Nearly 5,000 people are on the network's email list; "people who want to create art but keep an ethical and moral code to our lives," Covell says.
And the ministry has put together nearly 650 prayer partnerships, in which a Christian outside the industry is teamed up with someone on the inside.
Payne was going about his business in Illinois a year ago when he saw a blurb in some random church publication about HPN seeking prayer partners.
"And I thought, 'Now there's something I'd be interested in," he says. "I'm an Anglican Priest. But I'm also an old thespian."
Payne has stood on many a community theater stage, once playing the lead cowboy, Curly, in the musical Oklahoma. Yet he is "disgusted" by many of the movies they make these days.
"They exploit women, that's what they do," he says. "And they portray religious people as, you know, strange."

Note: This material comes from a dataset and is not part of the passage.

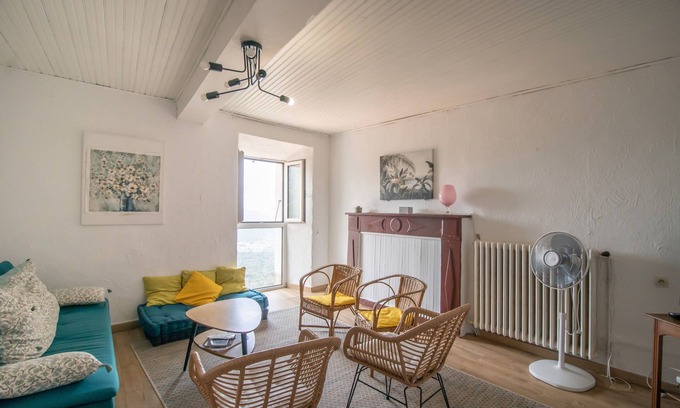 Olmeto Apartment | Apartment in a Typical House with Sea View and Wi-Fi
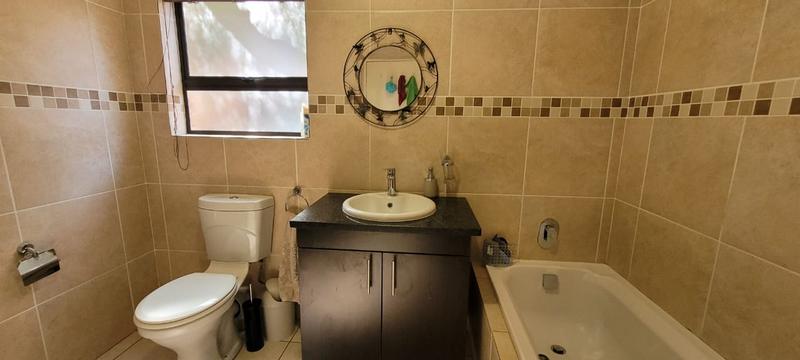 2 Bedroom Property for Sale in Mulbarton Gauteng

Yet now he prays up to an hour most every night for the makers of those movies, and specifically for his prayer partners, two Hollywood writers whose names he doesn't feel comfortable divulging. The writers email Payne when they need divine intervention. One of them recently asked Payne to pray that his writers block lifts and his manuscript sells. There's been no word on whether Payne's prayers have been answered, he says, chuckling. "But nevertheless, to me, it's a form of ministry."

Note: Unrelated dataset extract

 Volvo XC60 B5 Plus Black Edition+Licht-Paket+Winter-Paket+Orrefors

Once a month, Payne opens his mailbox to find a network newsletter with requests to pray for specific, and often unsuspecting, celebrities.
"We've all prayed for Paris Hilton, that she can find her way and that her time in jail will help her," he says. In general, though, he prays that "the needs they have may be met and that they may come to know God."
Network members can also join an "incognito" prayer team that puts a good word in up there for anyone in Hollywood who seems to need it.
Recent messages posted to the network's prayer request web page ask members to pray for rocker Richi Sambora as he goes through rehab; Seinfeld writer Larry David as he goes through a divorce; actress Drew Barrymore who "seems that she is searching for something more"; and, "considering their recent troubles," Lindsay Lohan and Nicole Richie, that they "all come to know Jesus."
It doesn't matter if you're a Scientologist or an atheist.
"Most people will take all the prayer they can get," says the network's accountant, Teri Rice, a San Juan Capistrano CPA who prays for and admires Covell.
Covell left Chicago in '76 for USC. "When I first came out here, I couldn't find any other people who I felt like really had the same heart that I did," she says. She and seven friends began praying for each other. In 2001, she launched the Prayer Network under the Hollywood Presbyterian Church.
Today the network is one of 19 Christian ministries in Hollywood, most of which sprang up in the last ten years. Hollywood Connect, a sister ministry to the network, provides professional, spiritual and personal resources to industry Christians.
Victoria Taylor is the new program manager for Hollywood Connect. The Mission Viejo acting and singing coach, who is about to release a prayer and worship CD, says the fellowship has "saved my life."
"It's a tough, tough business. It can be very, very cut throat. Very, very superficial."
She meets up with fellow Christians once a week on a CBS lot in Studio City. Informal Friday afternoon "prayer walks," led by network members, have also sprung up on the lots at Paramount, Warner Brothers, Disney and Sony.
"We're so wanting people in other parts of the country to know, not everyone in Hollywood is trying to destroy America," Covell says. "There are really great people here. We love the people here. God, at the end of every creation, says 'It is good.' God loves creativity."
Covell says she has met her share of skeptics, people who don't believe in the power of prayer.
"There are people who look at me, like: 'Oh, no.'" To those who have been wronged by Christians, she apologizes and asks them to "please give me a chance."
Otherwise, Hollywood might not have a prayer.